Bill Scher's picture

After my post last week exposing a CNN report as a factually-challenged hit piece on infrastructure investment, fed by the conservative National Taxpayers Union, Pete Sepp from the NTU posted an angry yet illuminating rant/comment on our blog.

One of the main points of my original post was: "CNN claims the mayors' request includes $376.5 million of "pork." But the entire request totals $73.2 billion. That means one-half of one percent of the proposal is pork."

Here is Sepp's response:

...while you describe the “pork” in the document as minuscule, the numbers show otherwise. Do the more than 750 projects referring to sidewalks, trails, and bike paths sound just peachy-keen to me, a certified outdoor-lover? Why yes! (Let’s set aside the question of whether it’s moral to make struggling urban families pay for my walking trail out in the suburbs.)

Will they in fact “help the small businesses of Main Street America, and produce lasting economic and environmental benefits for the nation”? Not unless we build bike paths to every office building in America, and start transporting durable goods on the backs of bicycles. I suppose some business owners would love to have freshly-poured sidewalks for their customers, but I thought you guys hated conspicuous consumption.

Sepp does not refute the 6th-grade math from my original post. He still doesn't claim to have found more than one-half of one percent of pork in the mayors' $73.2 billion request consisting of 11,391 projects.

Instead, Sepp goes on a strawman rampage.

Sidewalks and trails are worthless (still refusing to acknowledge he's only talking about less than one-half of one percent of the mayors proposal.)

Bike paths have no benefit unless they connect to "every office building in America" (an argument that makes as much sense as highways are worthless because they don't directly connect to every office building in America) and bicyclists "start transporting usable goods." (My city of Northampton, MA contracts bicyclists to haul downtown trash and recyclables to the local dump, so you lose Pete.)
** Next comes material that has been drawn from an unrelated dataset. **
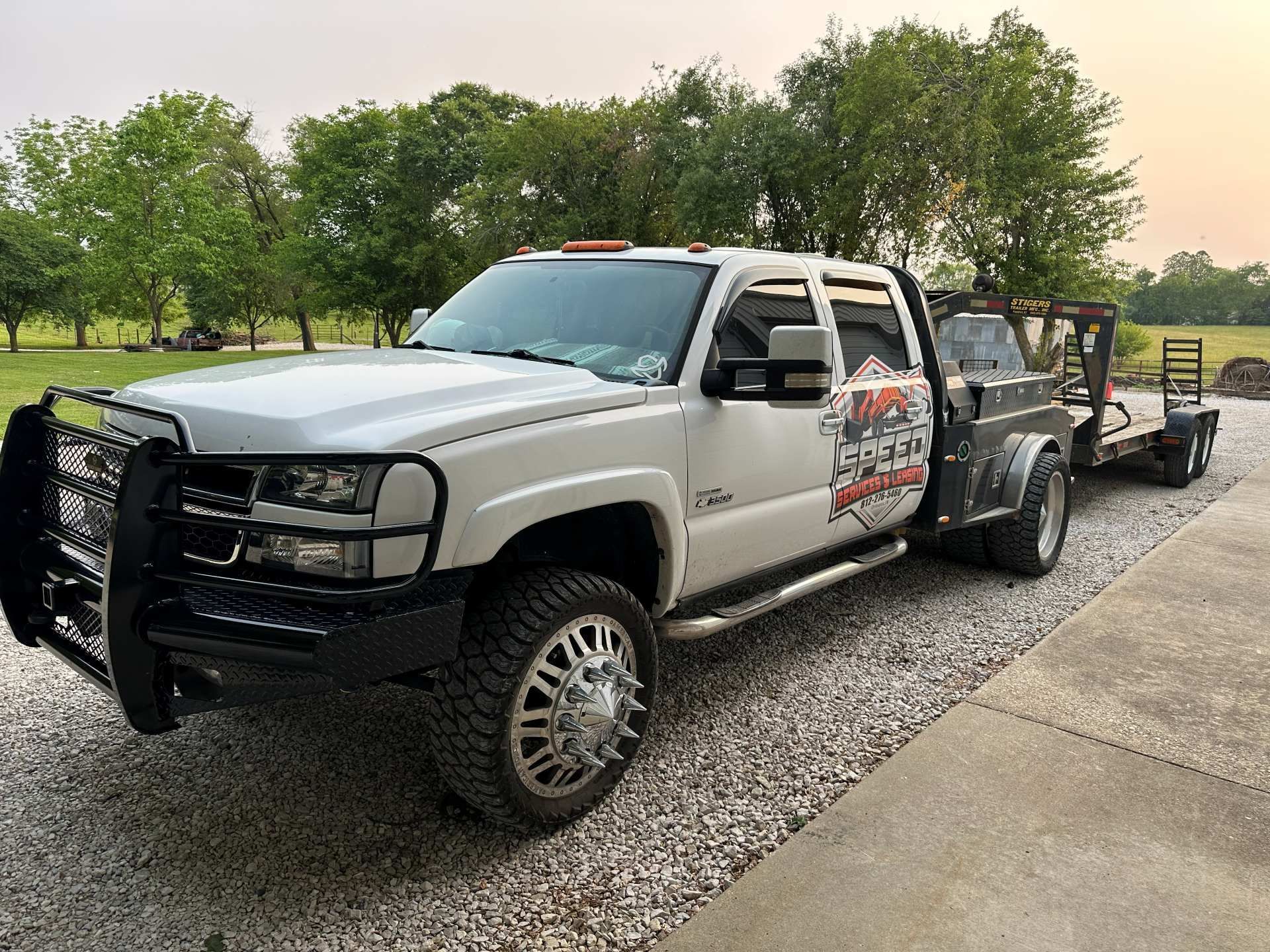 A white heavy-duty pickup truck with a black brush guard and flatbed, parked on gravel, pulling a utility trailer.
The strawman attacks continue. Sepps lashes out and says, "oops, though, folks in your camp seem to hate cars, so I guess anything having to do with road-building in this plan would get a thumbs-down from you, right?" Oops, Sepp didn't read the Institute for America's Future infrastructure report which calls for as much as $52 billion to improve our roads.
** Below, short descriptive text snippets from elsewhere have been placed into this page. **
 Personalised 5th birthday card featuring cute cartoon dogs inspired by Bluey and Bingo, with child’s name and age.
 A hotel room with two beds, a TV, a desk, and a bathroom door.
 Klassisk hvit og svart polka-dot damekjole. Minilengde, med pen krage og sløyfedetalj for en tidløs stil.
My favorite strawman from Sepp is deftly combined with the classic "false choice" move: "this [US Conference of Mayors] document contains hundreds of transit projects that perpetuate the myths of light- and heavy-rail while not giving enough to buses." Besides the revelation that the NYC subway system, the Japanese bullet train and the Eurorail pass are fairy tales, Sepp ignores that the mayors' proposal includes a slew of bus projects. (I stopped counting at 100, right around Las Vegas.)
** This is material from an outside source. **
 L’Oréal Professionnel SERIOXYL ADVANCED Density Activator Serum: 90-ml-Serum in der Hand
The mayors know what Sepp doesn't: you're allowed to invest in a multi-faceted transportation system that includes roads, buses, bike paths and rail.

Washington conservatives often engage in false choices to confuse the issue at hand. They were not interested in strengthening our infrastructure in the last eight years. And they are not interested in crafting an effective public investment package to strengthen our infrastructure now. Their professed concerns are insincere and irrelevant.

Most hilarious is Sepp's attempt to debunk the entire concept of job creation with public investment by citing one GAO report from 1986 about a 1983 jobs bill that was implemented too late to mitigate the 1982 recession (like most conservatives, FDR's New Deal either never happened or is another "myth") and one CBO report from 1998 claiming the "supply is limited" of infrastructure projects that would be worth public investment. Earth to Sepp: It's now 2008 and our infrastructure is in far sorrier shape.

Sepp is very proud that he cites actual reports, announcing:

Imagine that – Neanderthal conservative know how read real good, grunt grunt!

He leaves me no choice but to cite "A Fish Called Wanda:"

OTTO: Apes don't read philosophy.

WANDA: Yes they do, Otto. They just don't understand it.